_Records for this exercise_:
_ _ _

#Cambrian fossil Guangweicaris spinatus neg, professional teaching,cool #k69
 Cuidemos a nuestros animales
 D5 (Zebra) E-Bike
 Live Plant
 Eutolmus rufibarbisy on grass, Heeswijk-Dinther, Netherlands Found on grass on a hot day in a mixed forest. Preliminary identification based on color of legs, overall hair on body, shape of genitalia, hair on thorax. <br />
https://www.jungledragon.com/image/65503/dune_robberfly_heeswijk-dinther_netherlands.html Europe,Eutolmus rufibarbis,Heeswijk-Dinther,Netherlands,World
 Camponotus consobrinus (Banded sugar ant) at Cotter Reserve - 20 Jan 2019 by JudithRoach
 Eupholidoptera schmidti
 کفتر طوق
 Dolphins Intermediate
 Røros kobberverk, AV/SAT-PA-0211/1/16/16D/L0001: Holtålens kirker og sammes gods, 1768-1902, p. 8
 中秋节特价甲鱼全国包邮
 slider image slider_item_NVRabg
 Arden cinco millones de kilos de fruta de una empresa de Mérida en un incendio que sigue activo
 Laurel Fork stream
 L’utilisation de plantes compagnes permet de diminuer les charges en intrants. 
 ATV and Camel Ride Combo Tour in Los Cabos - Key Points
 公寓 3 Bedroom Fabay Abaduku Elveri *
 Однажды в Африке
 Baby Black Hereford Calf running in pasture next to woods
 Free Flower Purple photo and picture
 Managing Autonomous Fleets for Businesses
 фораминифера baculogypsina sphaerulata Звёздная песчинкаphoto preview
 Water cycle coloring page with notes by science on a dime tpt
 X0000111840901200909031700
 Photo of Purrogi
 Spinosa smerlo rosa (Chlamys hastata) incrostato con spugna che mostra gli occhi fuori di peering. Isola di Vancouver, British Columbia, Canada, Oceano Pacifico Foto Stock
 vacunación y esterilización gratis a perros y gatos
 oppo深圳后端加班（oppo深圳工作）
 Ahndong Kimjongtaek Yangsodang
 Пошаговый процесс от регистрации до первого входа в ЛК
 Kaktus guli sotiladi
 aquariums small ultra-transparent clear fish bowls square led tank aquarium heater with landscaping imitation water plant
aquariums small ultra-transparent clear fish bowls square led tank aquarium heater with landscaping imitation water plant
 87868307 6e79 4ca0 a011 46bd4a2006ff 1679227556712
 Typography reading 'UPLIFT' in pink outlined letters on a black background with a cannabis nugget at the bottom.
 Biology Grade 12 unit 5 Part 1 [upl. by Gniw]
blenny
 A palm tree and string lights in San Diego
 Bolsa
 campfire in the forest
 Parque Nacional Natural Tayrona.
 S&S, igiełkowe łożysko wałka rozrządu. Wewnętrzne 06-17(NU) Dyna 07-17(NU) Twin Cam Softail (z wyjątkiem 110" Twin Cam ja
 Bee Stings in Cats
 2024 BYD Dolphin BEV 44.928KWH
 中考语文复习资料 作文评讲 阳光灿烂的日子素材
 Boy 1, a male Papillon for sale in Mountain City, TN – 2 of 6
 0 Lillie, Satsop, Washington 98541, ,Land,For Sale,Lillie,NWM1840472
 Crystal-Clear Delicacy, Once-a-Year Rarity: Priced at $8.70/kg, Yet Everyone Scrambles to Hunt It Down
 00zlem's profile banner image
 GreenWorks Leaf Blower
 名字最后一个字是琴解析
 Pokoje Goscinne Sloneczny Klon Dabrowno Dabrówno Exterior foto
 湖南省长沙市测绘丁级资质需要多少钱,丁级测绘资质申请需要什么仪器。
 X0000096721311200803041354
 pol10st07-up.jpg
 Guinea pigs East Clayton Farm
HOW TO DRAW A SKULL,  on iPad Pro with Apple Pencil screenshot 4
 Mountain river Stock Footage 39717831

_ _ _

Lines wanted from the listing above: the line with "Пошаговый процесс от" up to and including the line with "Crystal-Clear Delicacy, Once-a-Year". Please write them out exactly, adding nothing else.

_Task answer_:
 Пошаговый процесс от регистрации до первого входа в ЛК
 Kaktus guli sotiladi
 aquariums small ultra-transparent clear fish bowls square led tank aquarium heater with landscaping imitation water plant
aquariums small ultra-transparent clear fish bowls square led tank aquarium heater with landscaping imitation water plant
 87868307 6e79 4ca0 a011 46bd4a2006ff 1679227556712
 Typography reading 'UPLIFT' in pink outlined letters on a black background with a cannabis nugget at the bottom.
 Biology Grade 12 unit 5 Part 1 [upl. by Gniw]
blenny
 A palm tree and string lights in San Diego
 Bolsa
 campfire in the forest
 Parque Nacional Natural Tayrona.
 S&S, igiełkowe łożysko wałka rozrządu. Wewnętrzne 06-17(NU) Dyna 07-17(NU) Twin Cam Softail (z wyjątkiem 110" Twin Cam ja
 Bee Stings in Cats
 2024 BYD Dolphin BEV 44.928KWH
 中考语文复习资料 作文评讲 阳光灿烂的日子素材
 Boy 1, a male Papillon for sale in Mountain City, TN – 2 of 6
 0 Lillie, Satsop, Washington 98541, ,Land,For Sale,Lillie,NWM1840472
 Crystal-Clear Delicacy, Once-a-Year Rarity: Priced at $8.70/kg, Yet Everyone Scrambles to Hunt It Down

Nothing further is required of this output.